Regulating the infrared by mode matching: A massless scalar in expanding spaces with constant deceleration

TL;DR

This paper addresses infrared divergences in a massless scalar field in expanding spacetimes by matching to a non-divergent spacetime, ensuring finite correlation functions and analyzing quantum backreaction effects.

Contribution

It introduces a mode matching method to regulate infrared divergences in scalar fields on expanding backgrounds, providing a new way to define the vacuum and compute physical quantities.

Findings

Correlation functions are infrared finite after matching.

Quantum energy density dilutes similarly or faster than background energy.

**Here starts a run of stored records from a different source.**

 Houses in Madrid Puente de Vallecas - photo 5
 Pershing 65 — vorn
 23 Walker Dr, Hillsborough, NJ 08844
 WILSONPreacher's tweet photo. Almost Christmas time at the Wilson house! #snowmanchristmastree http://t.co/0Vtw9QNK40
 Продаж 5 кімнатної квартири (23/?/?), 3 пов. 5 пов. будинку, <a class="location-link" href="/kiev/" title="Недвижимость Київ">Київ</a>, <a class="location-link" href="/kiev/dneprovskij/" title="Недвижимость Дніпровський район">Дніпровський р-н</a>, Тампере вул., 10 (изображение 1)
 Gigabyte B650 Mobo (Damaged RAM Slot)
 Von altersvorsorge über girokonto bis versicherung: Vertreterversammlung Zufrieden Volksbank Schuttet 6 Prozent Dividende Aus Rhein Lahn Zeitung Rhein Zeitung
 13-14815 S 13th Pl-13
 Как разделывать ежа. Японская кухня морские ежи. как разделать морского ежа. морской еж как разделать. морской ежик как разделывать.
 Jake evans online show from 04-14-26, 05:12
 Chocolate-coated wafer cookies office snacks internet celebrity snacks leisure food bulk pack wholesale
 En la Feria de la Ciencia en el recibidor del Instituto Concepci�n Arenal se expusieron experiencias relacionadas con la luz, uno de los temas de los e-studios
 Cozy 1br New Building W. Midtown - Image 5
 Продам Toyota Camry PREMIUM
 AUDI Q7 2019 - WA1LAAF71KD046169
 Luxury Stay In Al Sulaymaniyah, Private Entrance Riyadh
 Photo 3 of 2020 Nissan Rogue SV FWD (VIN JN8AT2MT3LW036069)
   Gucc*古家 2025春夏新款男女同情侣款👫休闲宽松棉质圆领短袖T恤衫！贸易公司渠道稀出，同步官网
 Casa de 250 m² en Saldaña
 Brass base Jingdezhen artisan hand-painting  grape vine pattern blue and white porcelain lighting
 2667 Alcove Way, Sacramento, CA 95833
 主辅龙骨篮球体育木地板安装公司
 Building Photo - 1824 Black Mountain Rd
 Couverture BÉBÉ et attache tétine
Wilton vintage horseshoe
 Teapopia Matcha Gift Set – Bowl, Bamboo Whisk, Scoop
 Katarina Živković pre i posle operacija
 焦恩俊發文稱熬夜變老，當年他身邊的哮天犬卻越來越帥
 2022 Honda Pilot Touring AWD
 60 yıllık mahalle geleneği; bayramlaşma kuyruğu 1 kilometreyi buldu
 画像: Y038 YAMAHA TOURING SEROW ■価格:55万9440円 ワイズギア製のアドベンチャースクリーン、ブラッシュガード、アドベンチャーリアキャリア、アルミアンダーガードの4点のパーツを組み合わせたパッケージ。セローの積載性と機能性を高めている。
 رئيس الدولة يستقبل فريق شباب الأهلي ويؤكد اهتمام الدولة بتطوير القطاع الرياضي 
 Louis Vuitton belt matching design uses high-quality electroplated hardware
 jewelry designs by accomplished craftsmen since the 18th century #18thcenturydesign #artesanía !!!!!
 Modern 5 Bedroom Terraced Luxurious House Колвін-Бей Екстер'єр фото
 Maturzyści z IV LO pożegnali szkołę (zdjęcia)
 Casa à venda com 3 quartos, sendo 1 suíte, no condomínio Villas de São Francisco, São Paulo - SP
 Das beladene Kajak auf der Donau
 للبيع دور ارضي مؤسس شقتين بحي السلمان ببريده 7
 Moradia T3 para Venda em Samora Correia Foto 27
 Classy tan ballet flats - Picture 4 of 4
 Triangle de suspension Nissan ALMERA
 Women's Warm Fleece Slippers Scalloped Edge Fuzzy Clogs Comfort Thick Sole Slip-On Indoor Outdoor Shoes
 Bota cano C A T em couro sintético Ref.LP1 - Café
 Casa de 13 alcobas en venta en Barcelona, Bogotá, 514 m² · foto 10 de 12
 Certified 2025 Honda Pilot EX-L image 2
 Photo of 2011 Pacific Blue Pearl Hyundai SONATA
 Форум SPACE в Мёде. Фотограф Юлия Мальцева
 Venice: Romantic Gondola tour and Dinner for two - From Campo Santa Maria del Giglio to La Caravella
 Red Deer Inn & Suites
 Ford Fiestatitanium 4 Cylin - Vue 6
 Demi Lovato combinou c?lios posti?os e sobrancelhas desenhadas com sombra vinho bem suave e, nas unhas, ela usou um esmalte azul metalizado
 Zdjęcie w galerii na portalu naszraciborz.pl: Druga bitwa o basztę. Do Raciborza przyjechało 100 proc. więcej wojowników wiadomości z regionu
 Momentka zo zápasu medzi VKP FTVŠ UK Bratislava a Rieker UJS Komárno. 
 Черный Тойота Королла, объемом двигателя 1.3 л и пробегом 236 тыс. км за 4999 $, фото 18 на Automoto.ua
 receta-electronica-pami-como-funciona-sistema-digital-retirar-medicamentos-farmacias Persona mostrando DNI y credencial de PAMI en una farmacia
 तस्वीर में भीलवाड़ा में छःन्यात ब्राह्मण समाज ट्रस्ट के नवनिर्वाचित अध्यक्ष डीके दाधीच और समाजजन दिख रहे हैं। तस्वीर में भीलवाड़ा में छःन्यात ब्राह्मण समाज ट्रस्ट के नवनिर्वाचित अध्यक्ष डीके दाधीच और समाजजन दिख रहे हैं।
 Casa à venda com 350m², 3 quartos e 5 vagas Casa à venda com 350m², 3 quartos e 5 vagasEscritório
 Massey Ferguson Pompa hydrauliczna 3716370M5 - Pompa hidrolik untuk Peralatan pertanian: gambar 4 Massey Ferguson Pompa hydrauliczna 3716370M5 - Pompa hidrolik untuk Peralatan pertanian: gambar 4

Infrared regulation via matching aligns with finite box results in accelerating universes.

Abstract

In this paper we consider a massless scalar field, with a possible coupling $\xi$ to the Ricci scalar in a $D$ dimensional FLRW spacetime with a constant deceleration parameter $q=\epsilon-1$, $\epsilon=-{\dot{H}}/{H^2}$. Correlation functions for the Bunch-Davies vacuum of such a theory have long been known to be infrared divergent for a wide range of values of $\epsilon$. We resolve these divergences by explicitly matching the spacetime under consideration to a spacetime without infrared divergencies. Such a procedure ensures that all correlation functions with respect to the vacuum in the spacetime of interest are infrared finite. In this newly defined vacuum we construct the coincidence limit of the propagator and as an example calculate the expectation value of the stress energy tensor. We find that this approach gives both in the ultraviolet and in the infrared satisfactory results. Moreover, we find that, unless the effective mass due to the coupling to the Ricci scalar $\xi R$ is negative, quantum contributions to the energy density always dilute away faster, or just as fast, as the background energy density. Therefore, quantum backreaction is insignificant at the one loop order, unless $\xi R$ is negative. Finally we compare this approach with known results where the infrared is regulated by placing the Universe in a finite box. In an accelerating universe, the results are qualitatively the same, provided one identifies the size of the Universe with the physical Hubble radius at the time of the matching. In a decelerating universe however, the two schemes give different late time behavior for the quantum stress energy tensor. This happens because in this case the length scale at which one regulates the infrared becomes sub-Hubble at late times.